Just call this The Miracle at HP Pavilion. OK, I'll admit: That's a stupid name for a miracle. I don't care. The Sharks skated circles around the Wings, figuratively and sometimes literally. They built leads of 2-0 and 3-1, and the way Sunday night's game was going, both leads seemed insurmountable. But the Red Wings ...surmounted. It was incomprehensible.

This was a Grand Theft Hockey, and I’m still trying to reconstruct the crime scene. I know center Pavel Datsyuk was great when he had to be, in the third period, and goalie Jimmy Howard was great when he had to be, for the entire game.

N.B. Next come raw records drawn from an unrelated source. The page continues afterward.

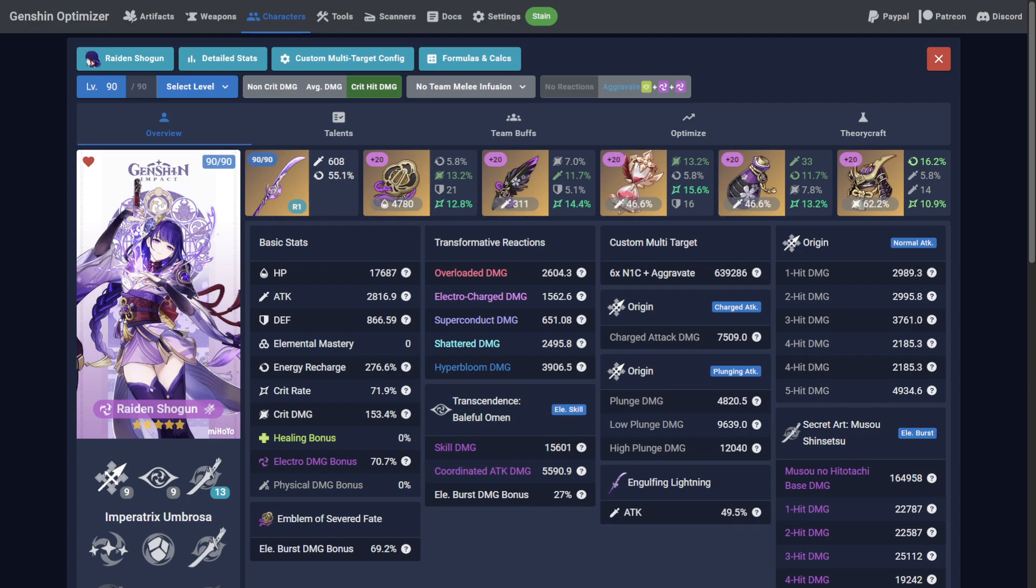Welcome to Genshin Optimizer, where we enable your obsessive coping disorders. In this guide, I'll show you some ways to use the new Theorycraft tab.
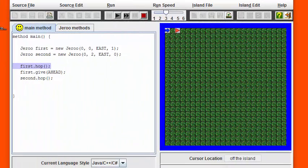Starting with a blank island and these two Jurus shown, we're going to demonstrate how a flower can be handed off from one Juru to another. Right now the blue Juru, named first, already has a flower.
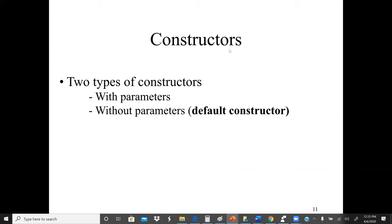Now let's go through each method, starting with constructors. A constructor is a very important method in a class — it initializes or creates the object. We have two types of constructors: those with parameters and those without parameters. A constructor's main job is to initialize an object. Any time we create a new object we must call a constructor. A default constructor has no arguments, so it assigns whatever default values are set.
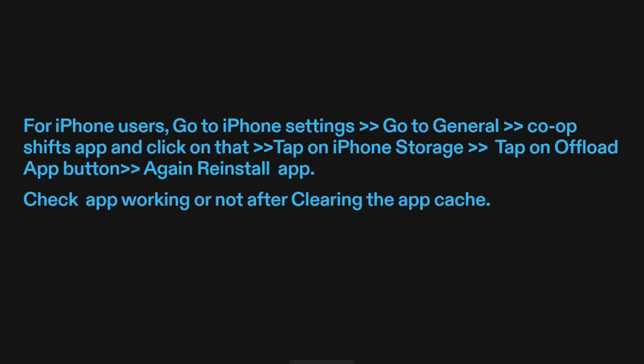For iPhone users, go to iPhone Settings, go to General, find Co-OpShift's app and click on it, then tap on iPhone Storage. Tap on the Offload App button, then reinstall the app. Check if the app is working after clearing the app cache.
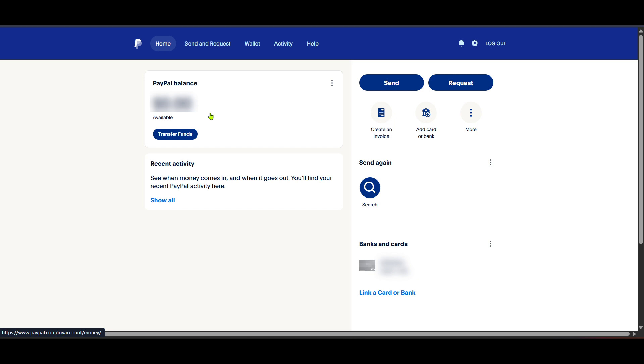By following these steps, you're now ready to explore the various features of the PayPal digital wallet and experience a whole new level of convenience in financial management. Don't forget to ensure all your information is up to date and take advantage of their customer support for any questions or issues you may encounter. Thanks for watching and enjoy your PayPal digital experience.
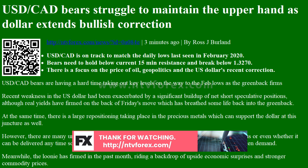At the same time, there is a large repositioning taking place in precious metals, which can support the dollar at this juncture as well.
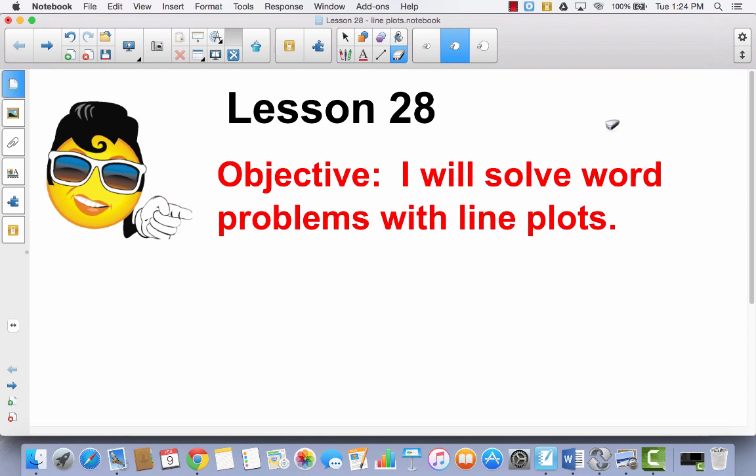Lesson 28: I Will Solve Word Problems with Line Plots. Today we're going to continue to talk about fractions, but in a different form. We're going to use fractions to help organize data in what's called a line plot. You won't need your math journal today — go ahead and get a ruler and your problem set. You'll need both of those.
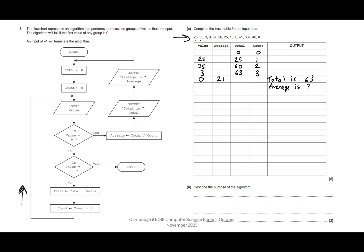Now we come back to the start. We set total to zero, count to zero, and input our next value — we're on 57. Is value equal to zero? No. Is value equal to minus one? No. Total is total plus value: zero plus 57 is 57. Count is count plus one, so we come back around.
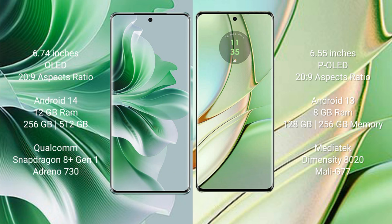Oppo Reno 11 Pro runs on the Android 14 operating system. Motorola Edge 40 runs on the Android 13 operating system.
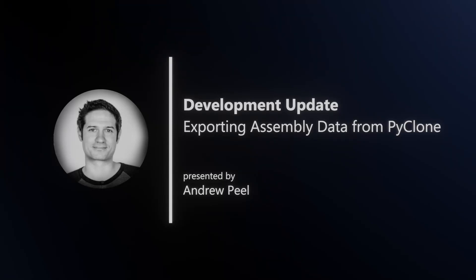Hello and welcome. My name is Andrew Peel, and in this video, I'm going to walk you through an example of how you can export PyClone assembly data from Blender. This video is primarily for developers, so it gets a bit technical, but if you have an understanding of how Python and the Blender API works, then this will make a lot more sense.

Sharks coach Todd McLellan told investigators afterward that his team had “two-on-ones … three-on-ones …” and I wanted to give him a glass of water and a cold compress.
“We didn’t play a poor game,” McLellan said. “And that’s hard to swallow. I thought we actually had some poise and composure in the third period.”
McLellan slipped and referred to “our collapse,” though his lawyers may argue he was under heavy interrogation at the time. Anyway, it wasn’t really a collapse. The Wings had scored three goals on five shots.
Early in the third period, the Wings were down, 3-1, and the math was a head-scratcher: They obviously needed three more goals, but how would they even get three more shots? Wherever the Wings tried to go, the Sharks were already there. Whatever the Wings tried to do, the Sharks had already done.
And yet: Jonathan Ericsson scored. Danny Cleary scored. The game was tied and the arena was quiet -- everybody knew the Sharks should have wrapped up Game 5 long ago.
It felt like the Wings could have been down 6-1 instead of 2-1. As hockey people say, Jimmy Howard needed to stand on his head. Also, he needed to hide the goal in a dark basement so the Sharks couldn’t find it. Alas, that is not legal. Trust me. I checked.
The Wings were playing for their season, but coach Mike Babcock said bluntly that “we weren’t competitive enough up front.” Yet Howard, who has been perpetually underestimated, kept his team in the game. The final shot totals were Sharks 42, Wings 22. My first question for Howard was borne of curiosity: Aren’t you tired?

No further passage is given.